* Input for this task *
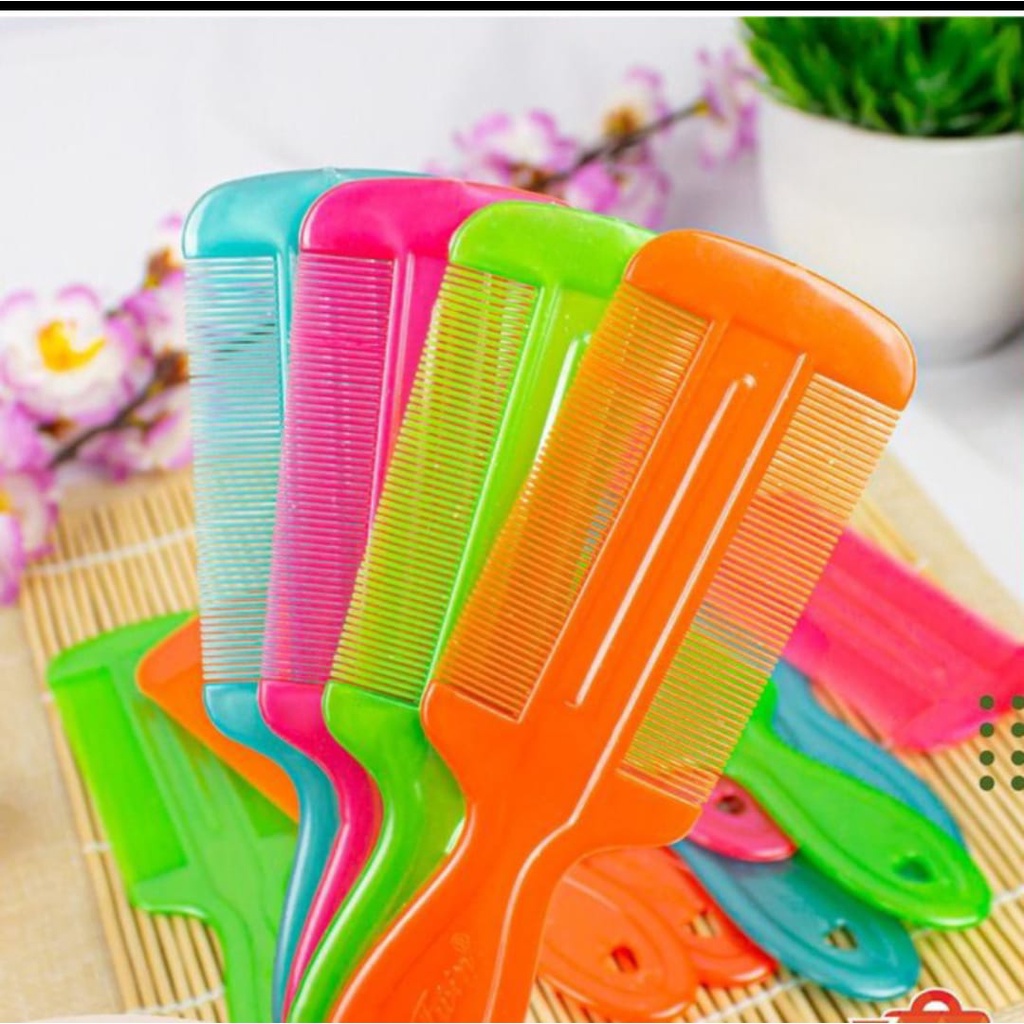 Comb Lice / Hair Comb Shopee Philippines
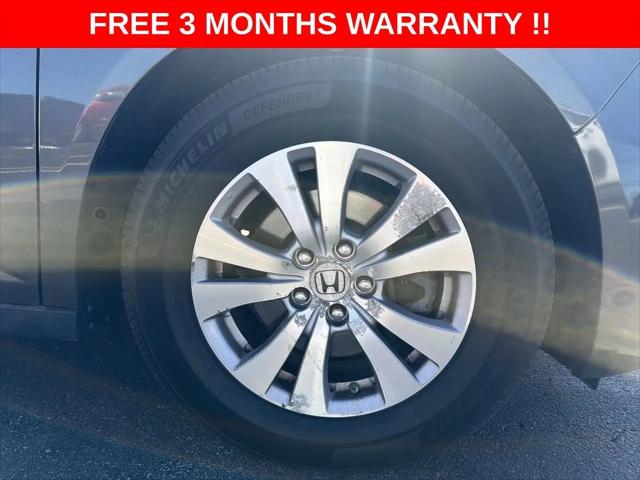 2015 Honda Odyssey EX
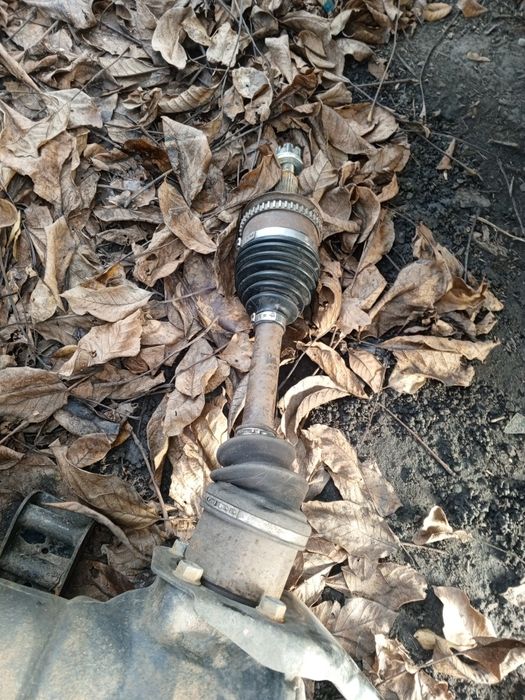 Передній міст л200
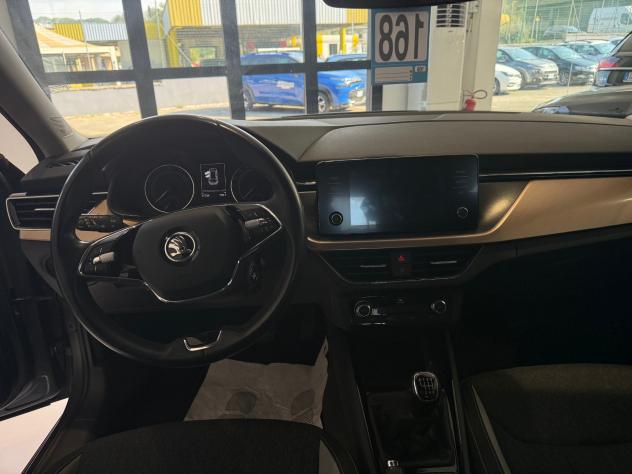 Skoda Kamiq 1.0 tsi Black Dots 110cv - Foto 10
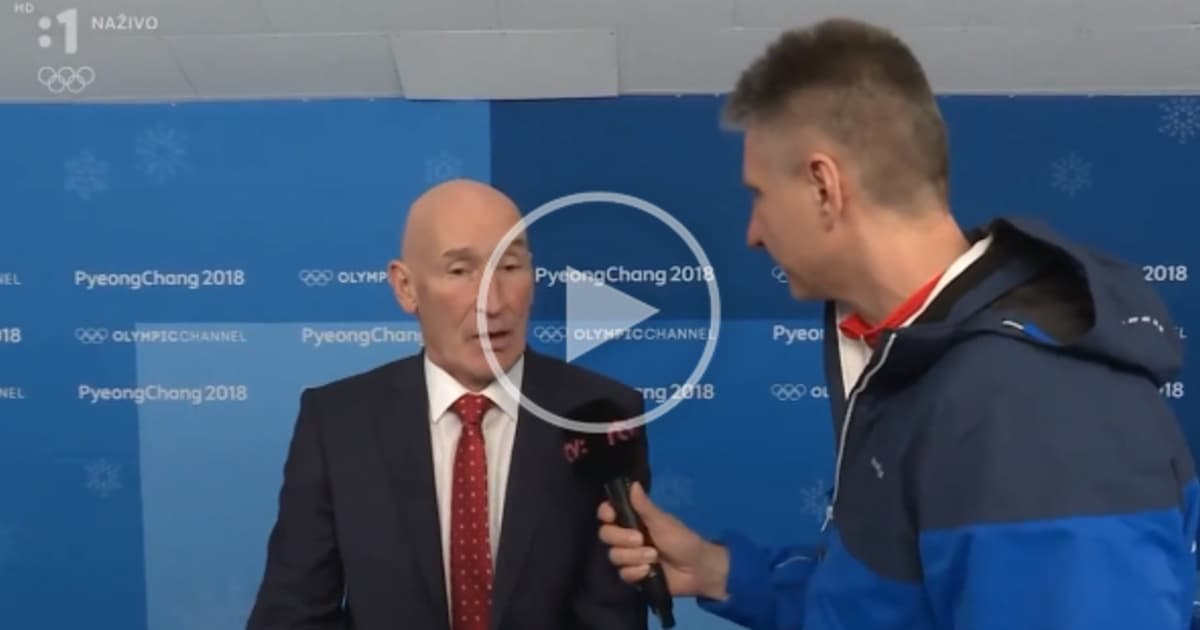 Redaktor RTVS svojou angličtinou počas rozhovoru s trénerom Ramseym ovládol slovenský internet!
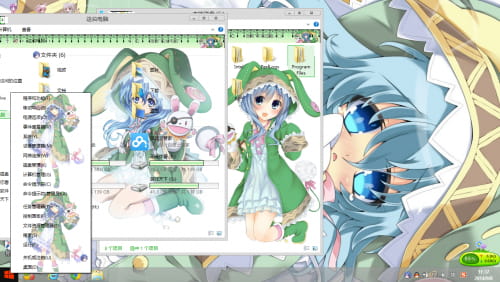 【win8】约会大作战·四糸乃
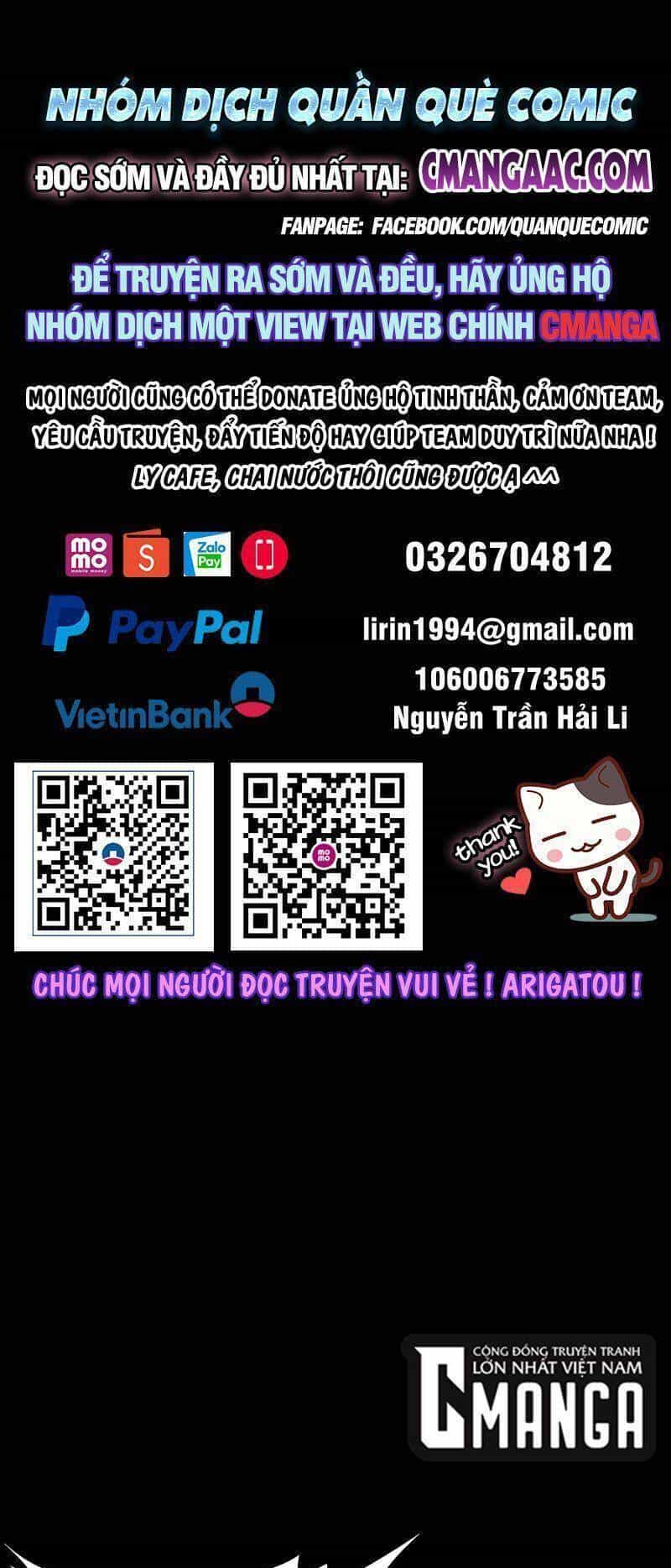 Tôi Đến Từ Địa Ngục - Chương 21 - ảnh 1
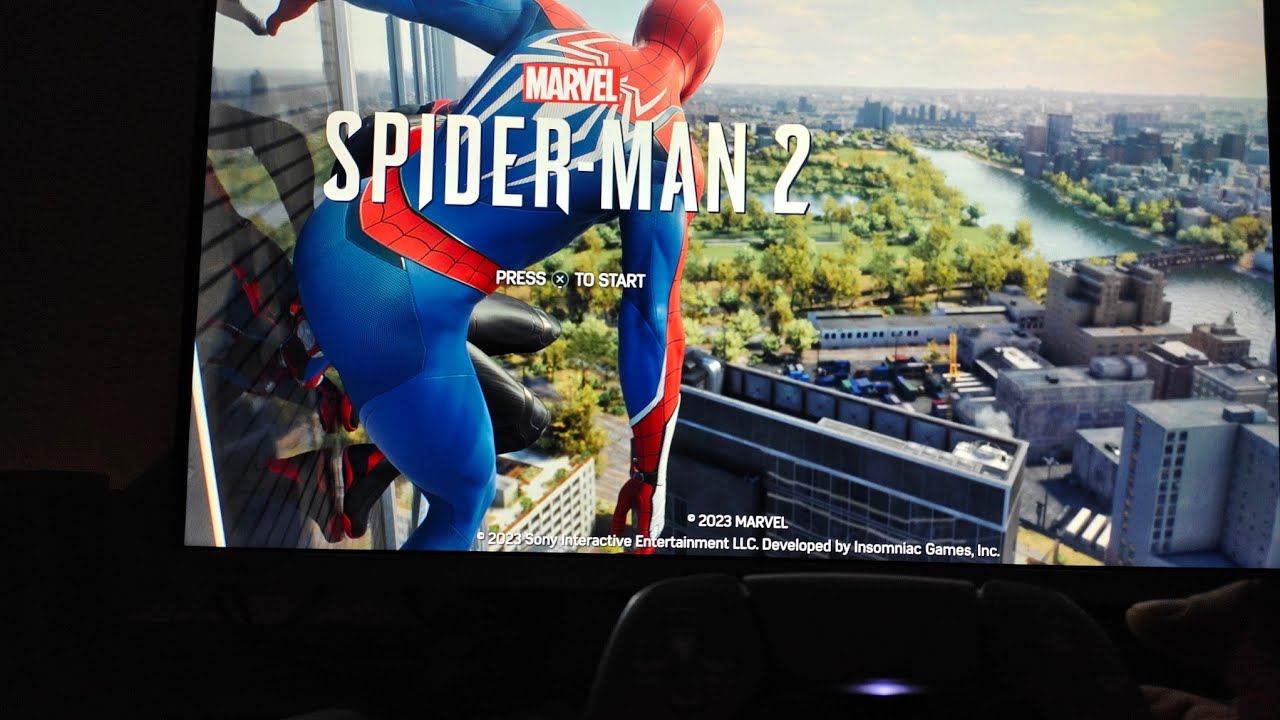 Spider-Man 2 ☠️🔥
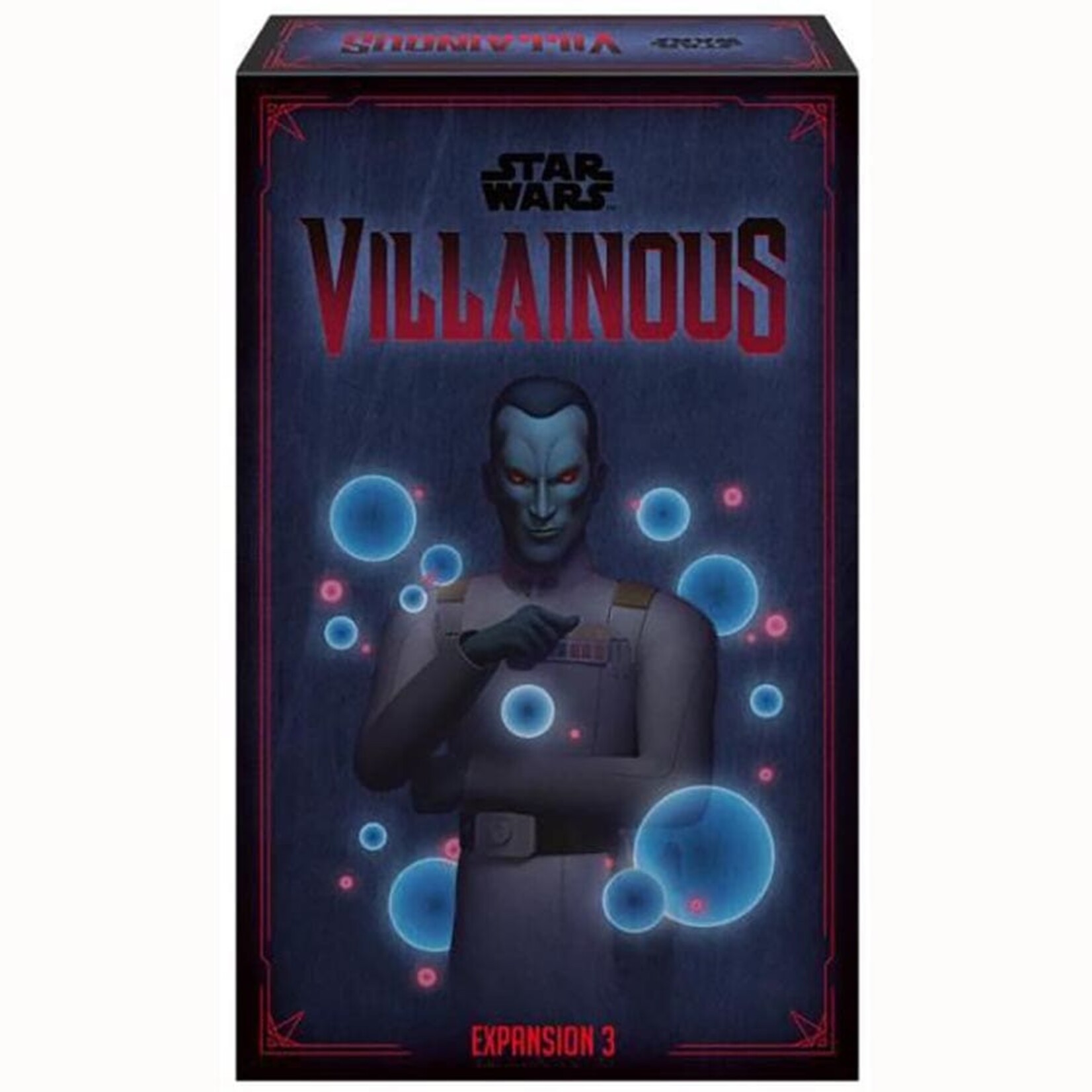 Ravensburger Villainous: Star Wars - Cold Tactics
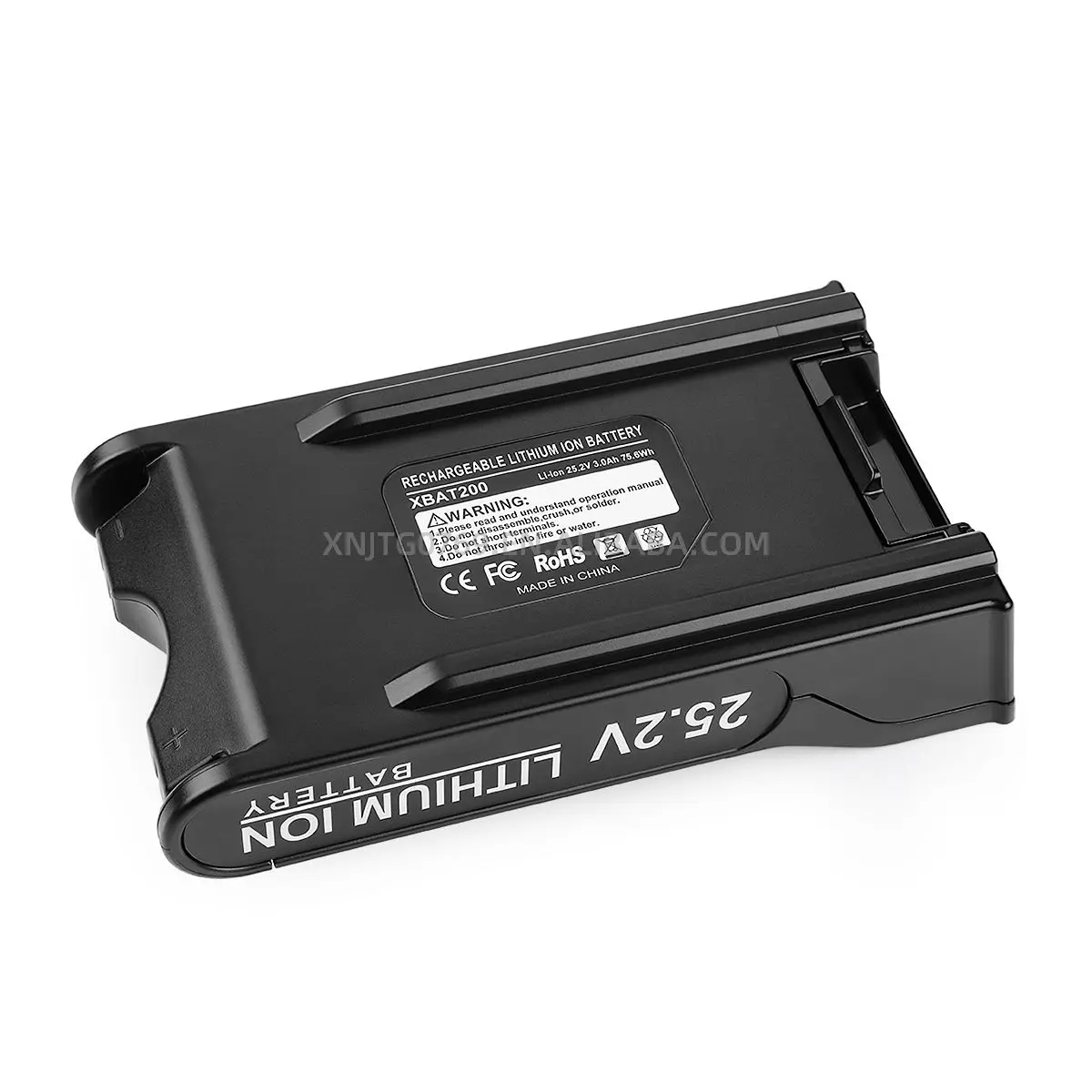 

Energup 25.2V Replacement Vacuum Cleaner lithium ion Rechargeable Battery Pack For Shark Battery XBAT200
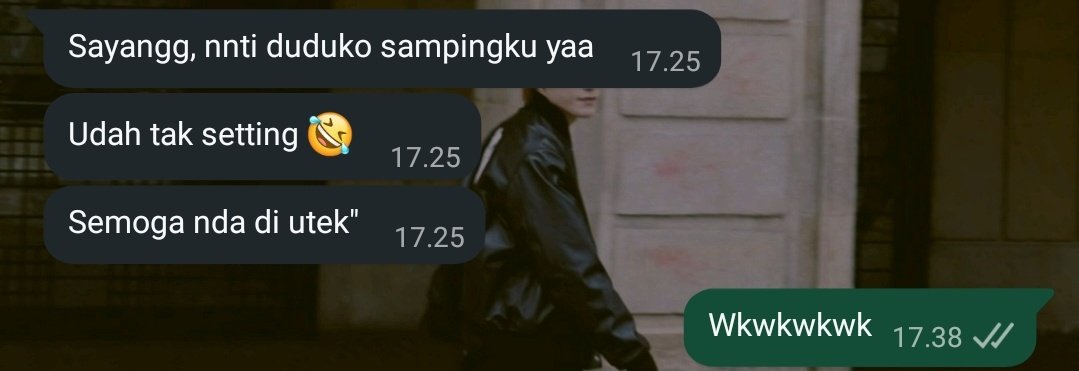 ofgerimis's tweet photo. Derita backstreet😭 https://t.co/uOjH82luDG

* Exercise goal *
The answer should contain only the lines from the beginning of the material above through the line with "Ravensburger Villainous: Star", retyped exactly, with the pictures removed.

* Answer to this problem *
 Comb Lice / Hair Comb Shopee Philippines
 2015 Honda Odyssey EX
 Передній міст л200
 Skoda Kamiq 1.0 tsi Black Dots 110cv - Foto 10
 Redaktor RTVS svojou angličtinou počas rozhovoru s trénerom Ramseym ovládol slovenský internet!
 【win8】约会大作战·四糸乃
 Tôi Đến Từ Địa Ngục - Chương 21 - ảnh 1
 Spider-Man 2 ☠️🔥
 Ravensburger Villainous: Star Wars - Cold Tactics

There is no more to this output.